▸ **PROBLEM REQUIREMENTS**:
Write out again the lines from the line with "Charter Club Lace-Trim Long Nightgown Blue S" up to and including the line with "1pair Elegant And", exactly as they stand below, and skip any picture.

▸ **STUDY MATERIAL**:

____

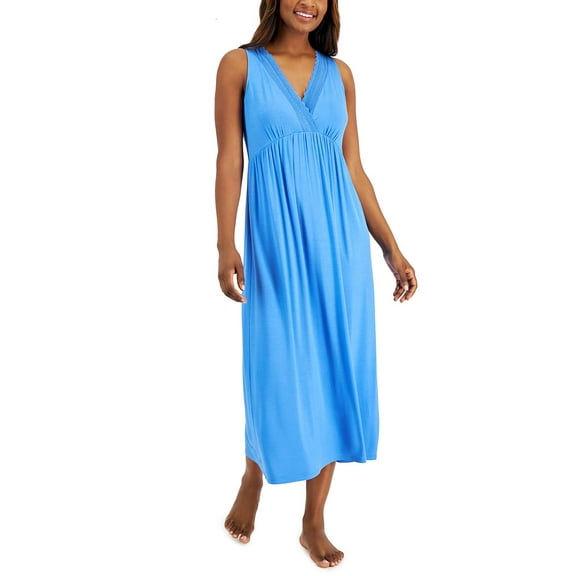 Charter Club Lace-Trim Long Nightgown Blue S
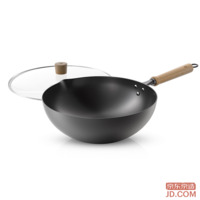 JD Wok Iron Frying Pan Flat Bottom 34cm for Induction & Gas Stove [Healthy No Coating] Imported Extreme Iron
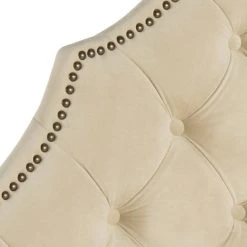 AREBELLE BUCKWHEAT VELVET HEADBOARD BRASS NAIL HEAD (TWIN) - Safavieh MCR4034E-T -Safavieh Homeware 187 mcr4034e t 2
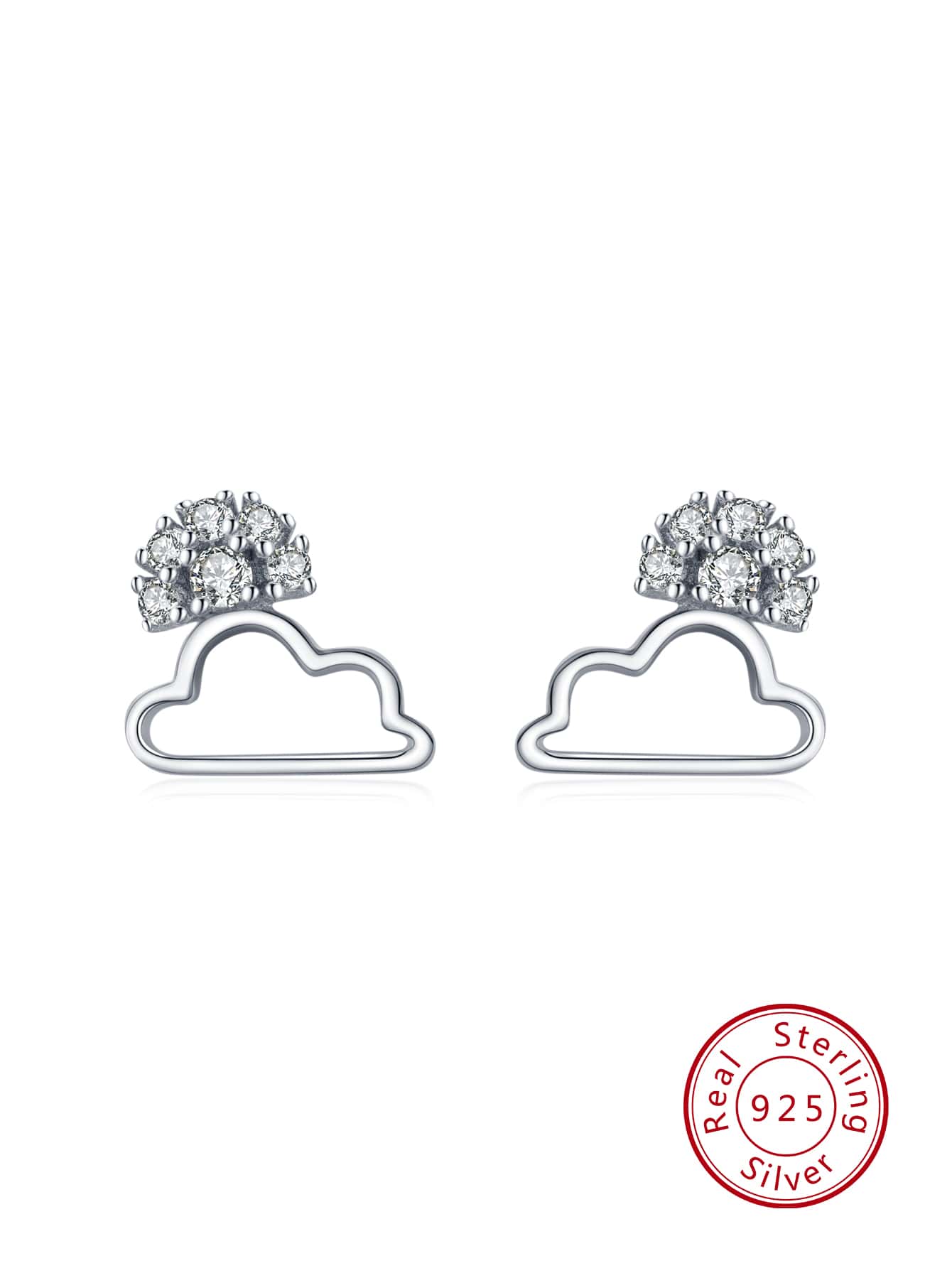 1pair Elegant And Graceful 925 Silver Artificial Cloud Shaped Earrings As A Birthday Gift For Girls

____

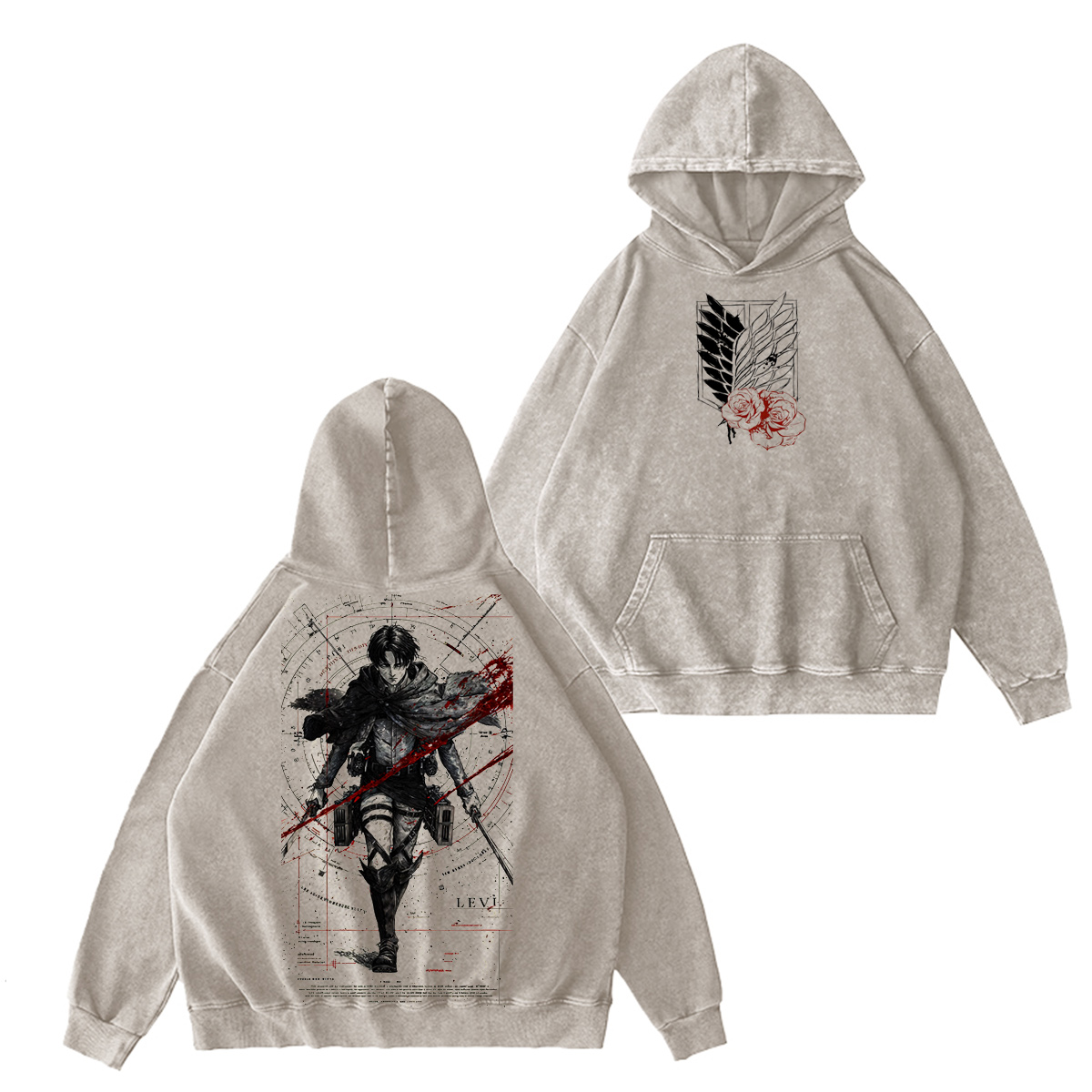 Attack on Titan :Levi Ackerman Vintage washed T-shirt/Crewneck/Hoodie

____

▸ **TASK SOLUTION**:
 Charter Club Lace-Trim Long Nightgown Blue S
 JD Wok Iron Frying Pan Flat Bottom 34cm for Induction & Gas Stove [Healthy No Coating] Imported Extreme Iron
 AREBELLE BUCKWHEAT VELVET HEADBOARD BRASS NAIL HEAD (TWIN) - Safavieh MCR4034E-T -Safavieh Homeware 187 mcr4034e t 2
 1pair Elegant And Graceful 925 Silver Artificial Cloud Shaped Earrings As A Birthday Gift For Girls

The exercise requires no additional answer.